The intensive tillage aggregate collapsed and fell apart like a sugar cube does in hot coffee. All of the soil particles fell to the bottom of the jar. The no till aggregate maintained its structure. Very few particles fell to the bottom of the jar. Even as the aggregate soaked in water through lunch time, it still maintained the same structure and held together.
“The results of this are important because it shows how in different management systems, the soil will respond to rainfall,” Jezeski said.

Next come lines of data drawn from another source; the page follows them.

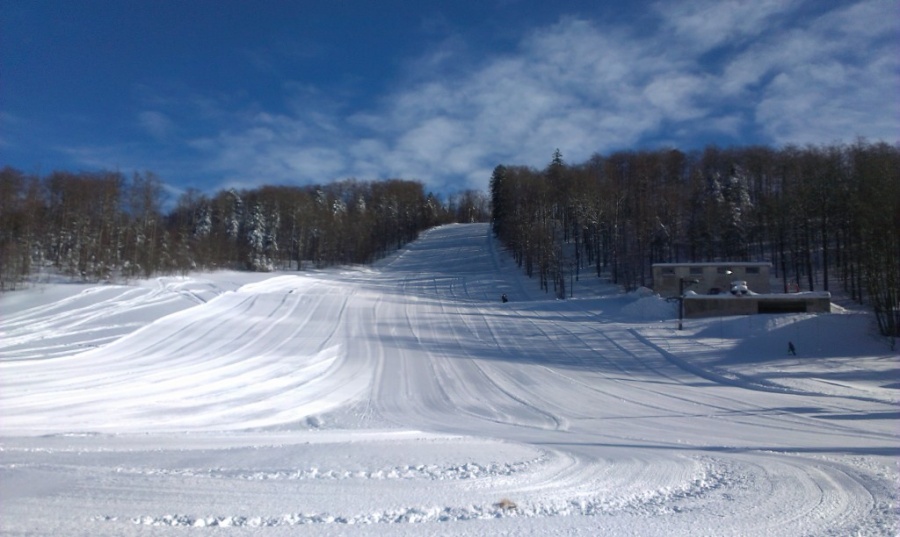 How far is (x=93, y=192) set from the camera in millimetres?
48656

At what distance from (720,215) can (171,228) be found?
197 ft

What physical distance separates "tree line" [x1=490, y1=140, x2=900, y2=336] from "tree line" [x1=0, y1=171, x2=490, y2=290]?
26494 millimetres

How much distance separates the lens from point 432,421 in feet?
45.8

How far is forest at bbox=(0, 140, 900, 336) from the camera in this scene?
126 feet

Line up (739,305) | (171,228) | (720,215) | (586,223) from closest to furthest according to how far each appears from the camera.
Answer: (739,305)
(720,215)
(586,223)
(171,228)

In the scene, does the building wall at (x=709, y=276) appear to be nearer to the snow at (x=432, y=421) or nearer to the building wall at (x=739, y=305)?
the snow at (x=432, y=421)

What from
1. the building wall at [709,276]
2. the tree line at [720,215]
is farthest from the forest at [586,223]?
the building wall at [709,276]

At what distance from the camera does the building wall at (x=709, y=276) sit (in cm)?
4481

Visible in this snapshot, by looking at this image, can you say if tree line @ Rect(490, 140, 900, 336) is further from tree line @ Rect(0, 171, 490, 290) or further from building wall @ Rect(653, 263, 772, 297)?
tree line @ Rect(0, 171, 490, 290)

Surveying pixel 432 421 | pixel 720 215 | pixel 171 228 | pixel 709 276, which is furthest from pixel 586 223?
pixel 432 421

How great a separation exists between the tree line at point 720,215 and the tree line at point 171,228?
26.5 m

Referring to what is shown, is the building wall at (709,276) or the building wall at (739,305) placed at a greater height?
the building wall at (709,276)

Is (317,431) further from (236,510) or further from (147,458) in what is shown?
(236,510)

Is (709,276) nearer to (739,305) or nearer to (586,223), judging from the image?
(739,305)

Pore space is important for water and air exchange and they provide the streets and avenues that facilitate efficient root growth down through the soil profile. When aggregates collapse, they reduce or eliminate pore space and add to any existing compaction. When the pore space isn’t available for water and air exchange, the plant growth suffers. Plants must put more of their resources into root growth instead of seed production.
This all translates to reduced yields. In addition, surface applied fertilizers are not allowed to infiltrate into the root zone without pore space. If those fertilizers remain on the surface, they will not be taken up by the plant and will run off in the next rainfall event. Again, this translates to reduced yields, waste of money, and is detrimental to water quality.